In Wellington the primary concern is how to fill the gaping holes left by Barrett and Perenara in successive years.
At halfback the Hurricanes are forced to turn to rookies Luke Campbell and Jonathan Taumateine while Jackson Garden-Bachop will assume the first-five duties after diminutive veteran Simon Hickey, back from five years abroad, suffered a season-ending knee injury during preseason.
Ardie Savea assumes the Hurricanes captaincy, as Dane Coles approaches his potentially final Super campaign, and he does so alongside brother Julian after his return from France.
Jordie Barrett and Ngani Laumape must play influential roles if the Hurricanes manage to remain in the mix, while Salesi Rayasi appears primed to make his mark on the edge after scoring 14 tries in 10 games for Auckland during the provincial season.
Further south the Crusaders remain, well, the vaunted Crusaders though their depth will be tested with centre Braydon Ennor and back-up hooker Andrew Makalio out for the season.

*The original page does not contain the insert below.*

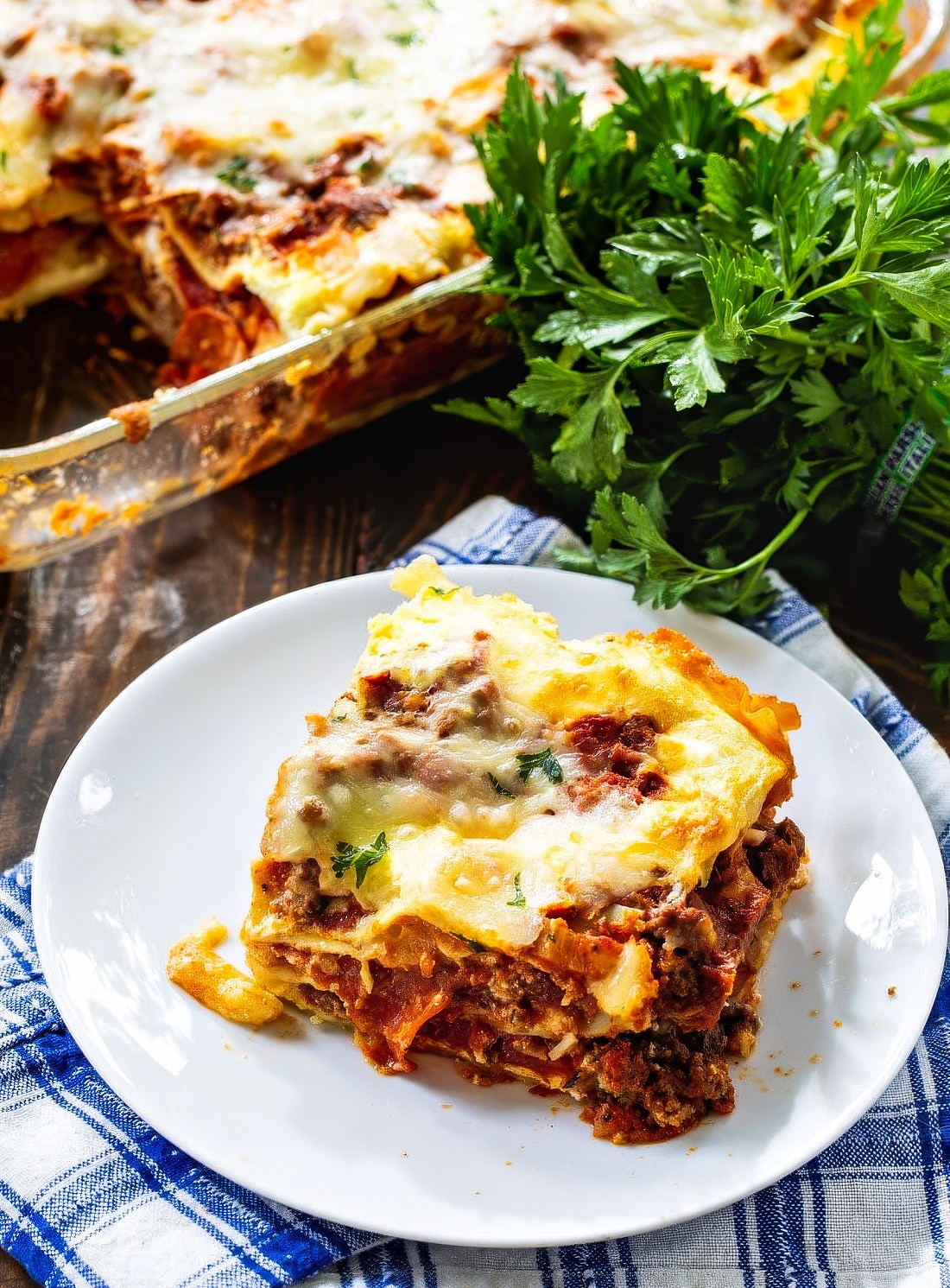 Slice of lasagna on a plate with parsley behind it.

All Blacks wing George Bridge (one month) and loose forward Tom Sanders (two months) will also miss significant chunks.
As long as Richie Mo'unga stays fit, however, the Crusaders remain odds on for another title. A pack that includes All Blacks Codie Taylor, Sam Whitelock, Scott Barrett, Cullen Grace and Joe Moody certainty aids the red-and-black's cause.
The only other question is whether Tamati Ellison replacing former Welsh wing Mark Jones in the Crusaders coaching staff will have an impact either way.
Further south, Tony Brown's promotion to lead the Highlanders for the next two seasons - after Aaron Mauger was let go - is the final piece of the New Zealand puzzle.
With only two current All Blacks - Aaron Smith and Shannon Frizell - on his books, Brown faces a difficult task. That's always the story with the Highlanders, though. And every year they find ways to compete.
With Brown at the helm, expect their creative kicking game to come to the fore.
Liam Squire's return from Japan, after last featuring for the All Blacks prior to the 2019 World Cup, is highly anticipated.
Kazuki Himeno, the loose forward who starred in Japan's World Cup campaign, should suit the expressive New Zealand style. Solomon Alaimalo's switch from the Chiefs also adds notable strike to their outside backs.
The Highlanders have early issues up front, however, with Wallabies prop Jermaine Ainsley likely gone for the season and fellow front-rower Ayden Johnstone is still recovering from concussion he suffered last September.
Struggles at the set-piece can cripple any side. This is partly why the Crusaders and Blues, with the best packs in the competition, appear destined to square off in the maiden finale.